Or la formulation du codex Bezae Cantabrigiensis qui est classique, laisse bien entendre
qu'un second enregistrement avait pu être engagé,
également sous Quirinius, celui auquel Luc lui-même
faisait allusion dans les Actes.
En débutant son récit de la Nativité, Luc ne
parlait pas d'un "recensement", mais d' un "enregistrement" auquel se
soumirent Joseph et Marie dans le cadre d'un édit
impérial visant à inventorier l'univers connu.
«
Et il advint en ces jours là que sortit un édit de
César Auguste pour que soit enregistré tout le monde
civilisé. Cela s'avéra être un enregistrement
premier, Quirinius étant gouverneur de Syrie. Et tous se
rendaient pour être enregistres, chacun dans sa propre patrie.
Alors monta aussi Joseph, depuis la Galilée, de la ville de
Nazareth, vers la terre de Juda, vers la ville de David - qui est
appelée Bethléem - pour être enregistré -
avec Marie, fiancée à lui, étant enceinte -
puisqu'il était de la maison et de la lignée de
David.»8
Le verbe au sens courant, signifie inventorier, dresser une liste,
enregistrer des biens ou des personnes. Quant au monde habité ou
l'orbis latin, c'était l'univers connu à l'époque,
l'ensemble des provinces avec leurs richesses et leurs ressources sur
lequel l'empire romain exerçait influence et domination
civilisatrices. Une carte en avait été dressée
entre 7 et 2 av. et exposée à la porte Vispania du Champ
de Mars. De cet empire, les peuples et les individus étaient
l'élément vivant; toutefois ils n'en constituaient qu'une
partie et non la globalité.
Lors de l'inauguration du Forum d'Auguste en 2 aec, fut
apposé sur le temple de Mars, un éloge qui fut retransmis
dans les Res Gestae publiées en 14ec et qui en
constituaient le deuxième état de rédaction ; en
effet cette phrase d'Auguste y avait été
conservée:
"J'
ai exercé treize fois le consulat au moment où
j'écris ces lignes"9
Son treizième consulat remontait à l'an 2
aec. Le texte des Res Gestae gravé notamment sur le
monument d'Ancyre avec le détail de ses hauts-faits livrait un
inventaire d'édifices, une longue énumération des
provinces annexées à l'empire, des terres
pacifiées, des régions vaincues, des colonies militaires,
des peuples soumis par les armées romaines.

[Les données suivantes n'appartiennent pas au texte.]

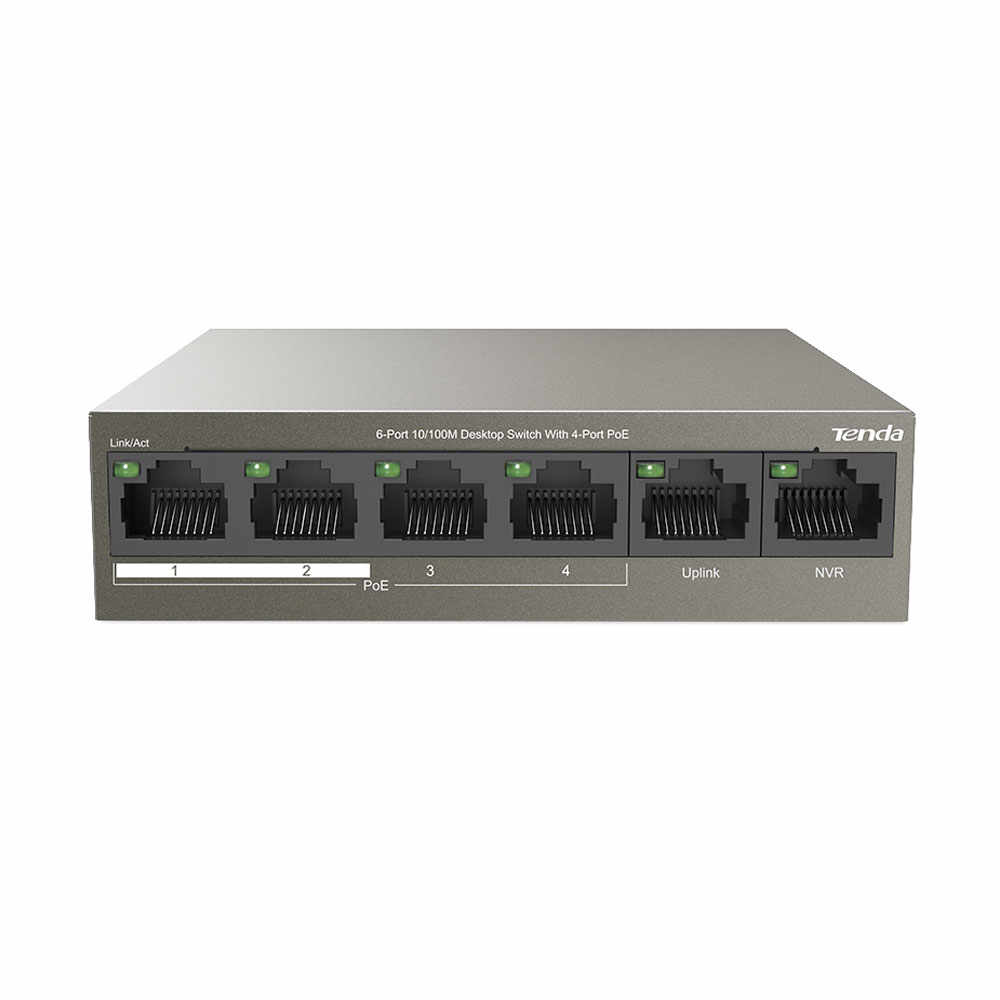 Switch cu 6 porturi Tenda TEF1106P-4-63W, 1.2 Gbps, 0.89 Mpps, 1000 MAC, PoE, fara management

Res Gestae: fragments d'Antioche de Pisidie et d'Ankara. Luc avait pu en avoir une connaissance directe.
Or le 5 février de l'an 2 aec,
en recevant le titre "Père de la Patrie", Auguste avait vu
placer sous son regard cet oikoumenè dont Ovide disait :
"Depuis
longtemps tu servais de père à l'univers...Tout ce qui
est sous le regard de Jupiter, César le possède"10.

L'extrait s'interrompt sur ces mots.